Yes, life does move incredibly fast. So much more faster since we are both working parents. I feel that we only get to experience any new thing that Jack does for just a few minutes. And those few minutes would be after dinner cause then Jack goes to bed. Slow down life, Jack is only two.
* The no TV project somewhat has failed. However, I have been getting stronger (somewhat) every day about restricting his TV. He still does get his library treat every Saturday. Every Saturday, we go to the Elmwood Park library, hang out, read some books and pick out which DVD to rent. A new DVD to watch. Awesome. Sometimes Jack thinks that we are getting about 5 movies. Not so fast bud. I think we are quickly getting to that point where Jack has rented almost all the Thomas DVD’s. Time to get a new obsession. Classic Disney movies perhaps? Ok!

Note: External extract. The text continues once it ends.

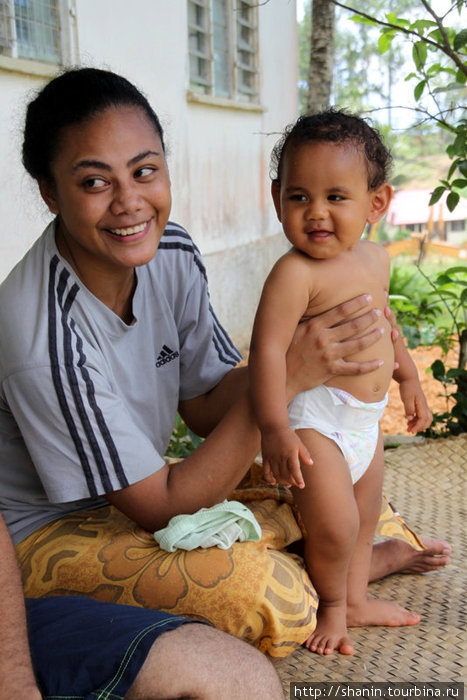 Жена доктора с ребенком Остров Вити-Леву, Фиджи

*There was one night where we were having family night at my nother in law's, and Jack was not in the greatest of moods. I attributed that to the fact that our niece, Frances, was there and everyone oohed and aahed over her. And why not? It's a baby!! Who has that baby smell.
For some reason, Jack was just giving one pouty face after another. Followed by a lot of No's. It got to be so much that I told Brian, you take care of him, and went upstairs and cried silently.For a bit. All these things came to my mind, Will he be like this forever? Will he never like his baby cousin? What if we have another kid? Will he be Mr. Pouty forever? I was about to ask myself 10 more questions when my mind said “Alright, stop. It's just one bad night. It is not the end of the world."
There is a happy ending to this story. That day was just a one off. Since then, Jack has been nothing but the most affectionate cousin to Frances. He gives her lots of hugs, kisses and shares stories with her that only kids 2 and under would understand. It is the best feeling in the world as a parent to watch your child slowly become this little person with such a loving nature. Does this mean we are ready for child # 2? If time says so, then yes.